### Directions for this task
Output the entries in full and verbatim, pictures omitted.

━━━

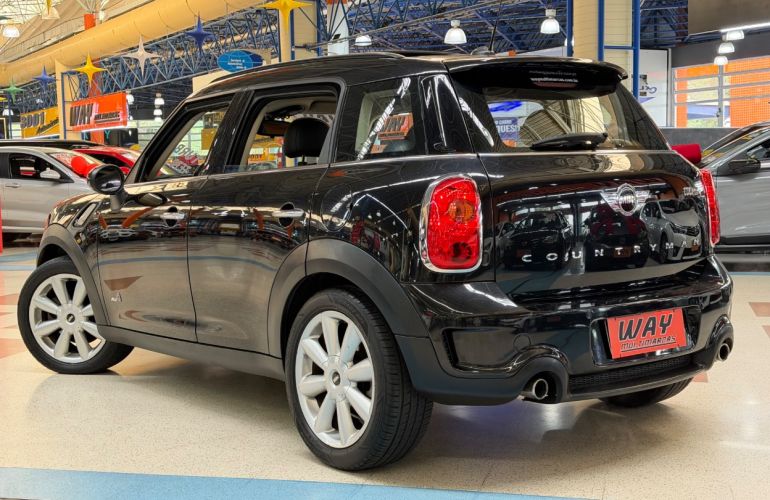 Mini Countryman 1.6 S Turbo 16V 184cv - Foto #4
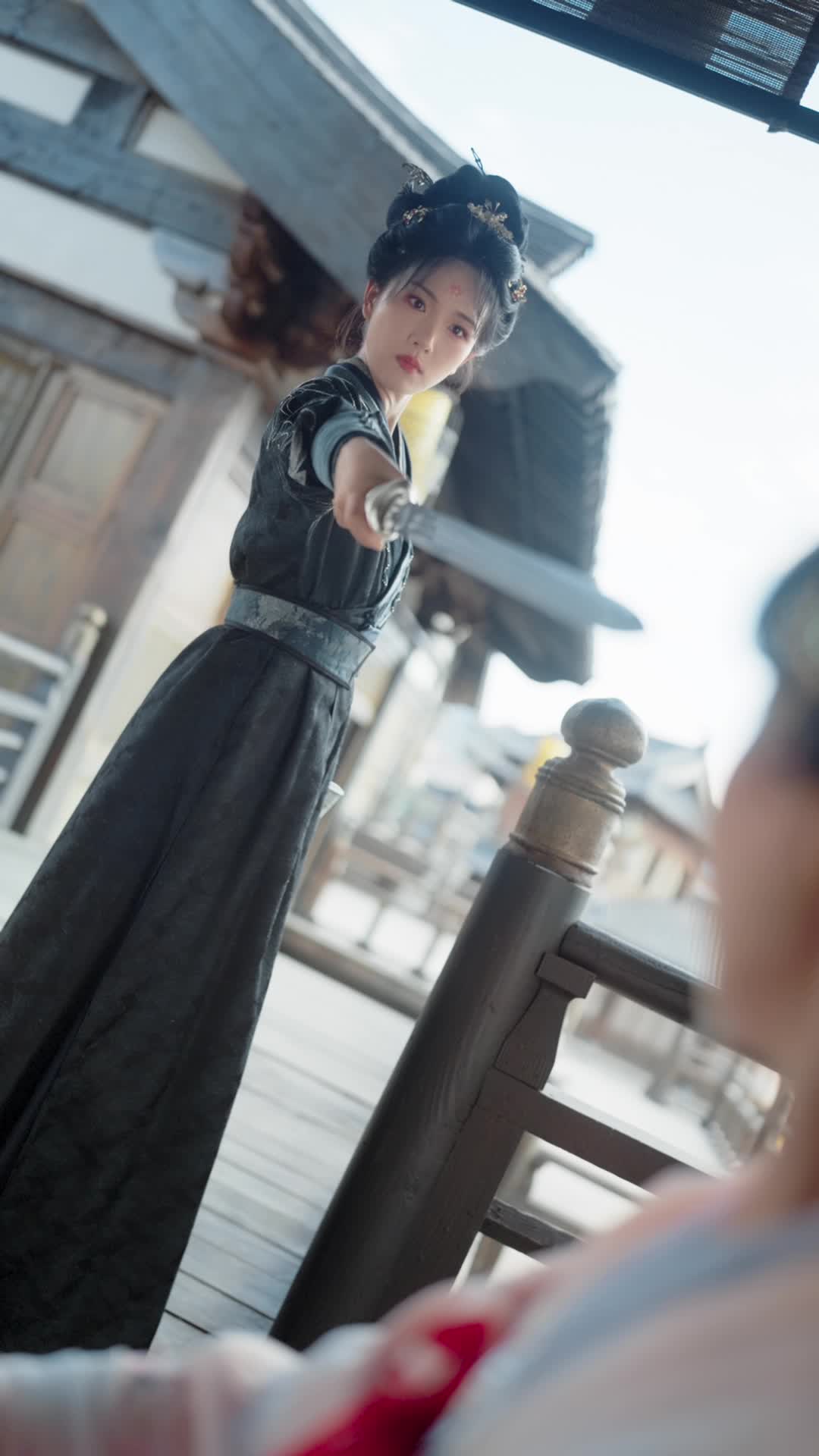 Episode 18 of Her Hidden Blade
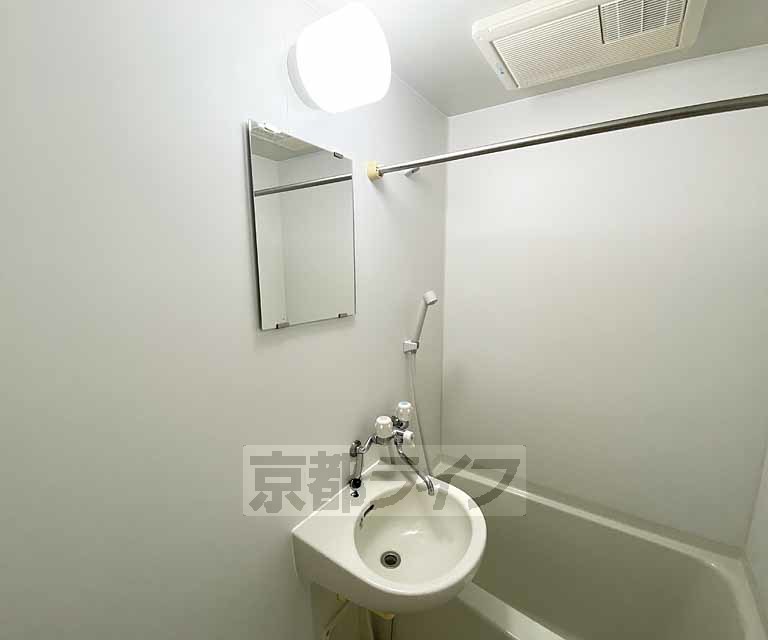 洗面設備　２点セパレート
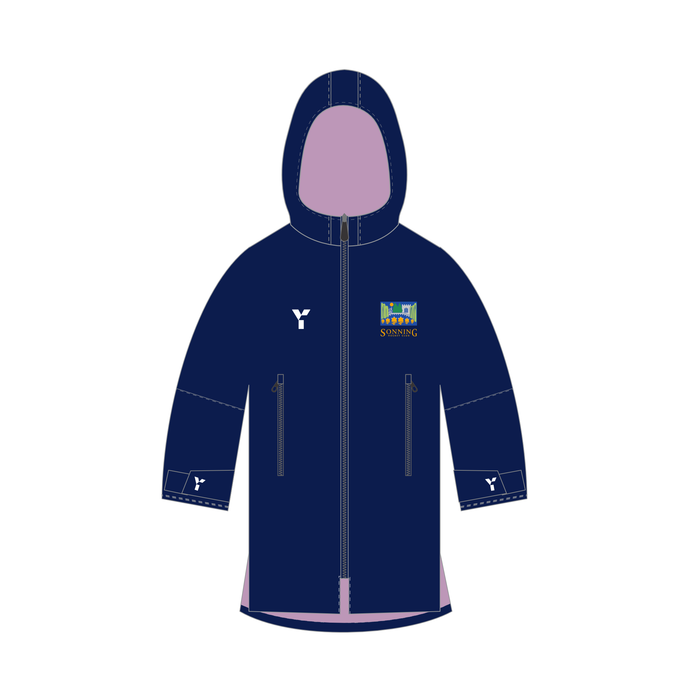 Sonning HC - Changing Robe Navy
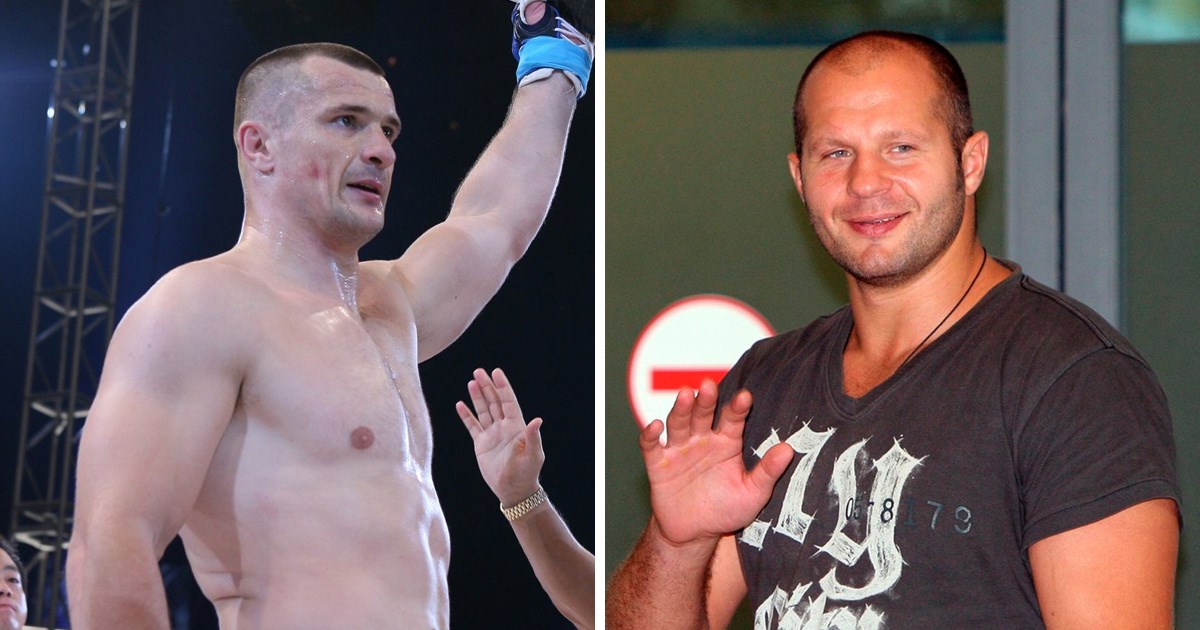 ANKETA Cro Cop vs. Fedor. Tko će pobijediti?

━━━

### Solution for this exercise
 Mini Countryman 1.6 S Turbo 16V 184cv - Foto #4
 Episode 18 of Her Hidden Blade
 洗面設備　２点セパレート
 Sonning HC - Changing Robe Navy
 ANKETA Cro Cop vs. Fedor. Tko će pobijediti?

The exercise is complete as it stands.